A pragmatic strategy for the review of clinical evidence

Authors


Correspondence

Dr Luigina Ferrigno

Department of Epidemiology

Istituto Superiore di Sanità

Viale Regina Elena 299

00161 Rome

Italy

E-mail: luigina.ferrigno@iss.it

Abstract

Background

Systematic reviews (SR) of clinical evidence are rightfully considered the basis for developing recommendations to support decisions in current practice. To avoid bias, SRs are expected to be systematic in their research strategy and are exhaustive. The drawback of the latter criteria relies in the substantial work needed to conduct and keep SRs updated. The objective of this paper is to compare a research strategy based on the review of a selected number of core journals, which we consider a ‘pragmatic review’ (PR), with that derived by an SR in estimating the efficacy of treatments.

Methods

Five clinical areas were considered for the comparison between the two strategies: chronic obstructive pulmonary disease, dermatology, heart failure, renal diseases and stroke.
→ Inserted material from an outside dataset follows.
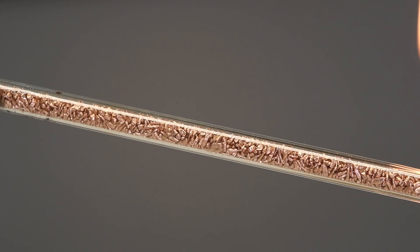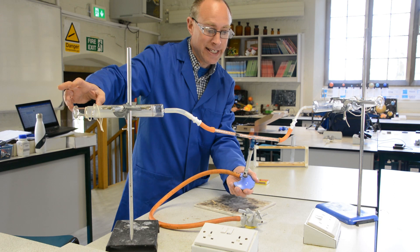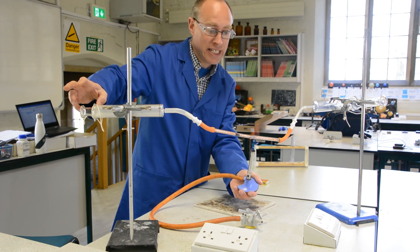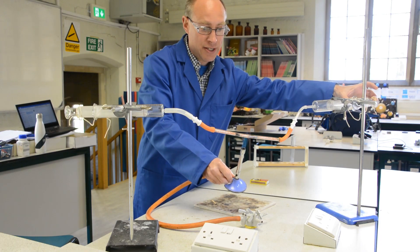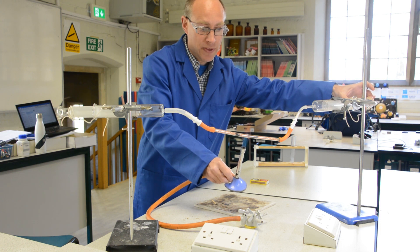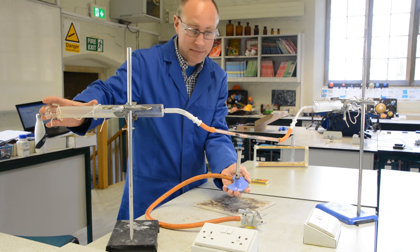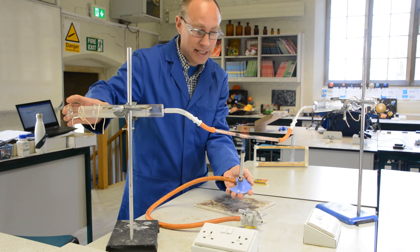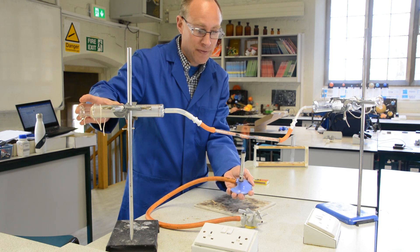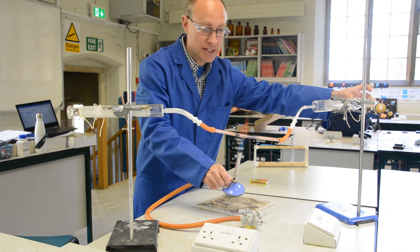Copper oxide has a black colour. So you can see that the copper in the tube where I've been heating it has gone black from the normal orange colour of copper. And so what that will do is remove the oxygen from the air, producing copper oxide, until eventually all of the oxygen has been removed.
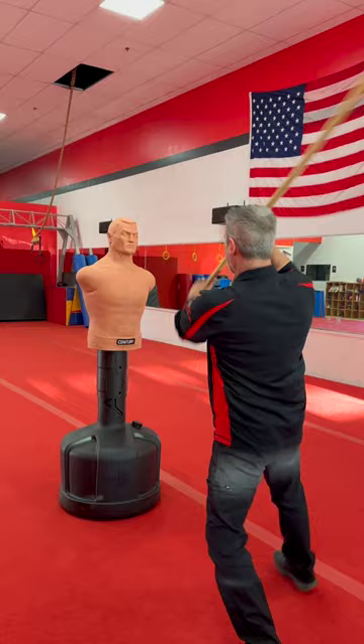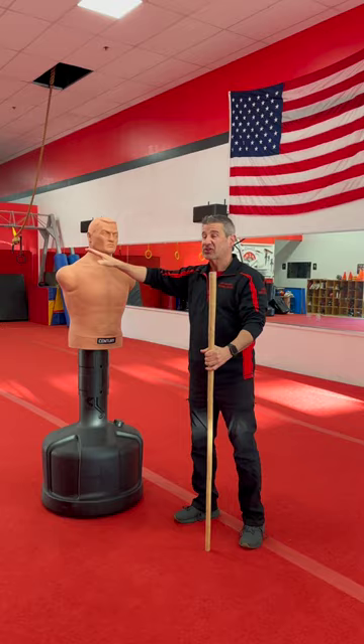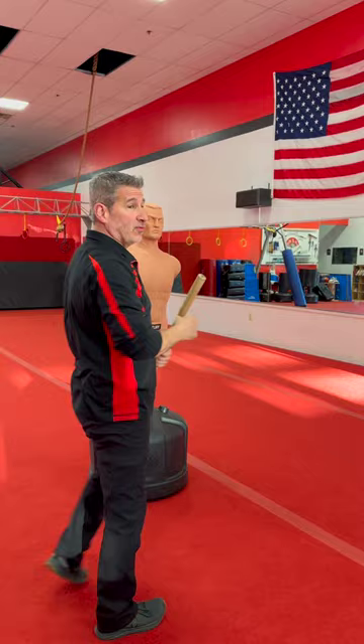One of the strikes that we always seem to neglect when it comes to walking stick combatives is the overhead downward strike — on things like the collarbone, the ocular, and the sides of the neck. These strikes can be done explosively.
We extracted a systematic sample from all the Cochrane SRs pertaining to each area and were published before April 2010. Two groups of journals were considered in the PR: six general journals that commonly published research for the five clinical areas, and five specialist journals with the highest impact factor in each area. To assess the agreement in the findings of SRs and PRs, we considered both the direction of the estimates and P-values.

Results

A sample of 27 SRs included 171 overall analyses and 259 subgroup analyses related to primary outcomes. The PR captured one or more clinical trials in 24 of the 27 SRs (89%), and 118 of the 171 overall analyses (69%) were replicated. The PR supported the recommendations to use (or not) the study treatment in 11 of the 13 SRs (85%), which ended with a clinical recommendation.

Conclusions

We verified in a sample of SRs that the conclusion of a research strategy based on a pre-defined set of general and specialist medical journals is able to replicate almost all the clinical recommendations of a formal SR.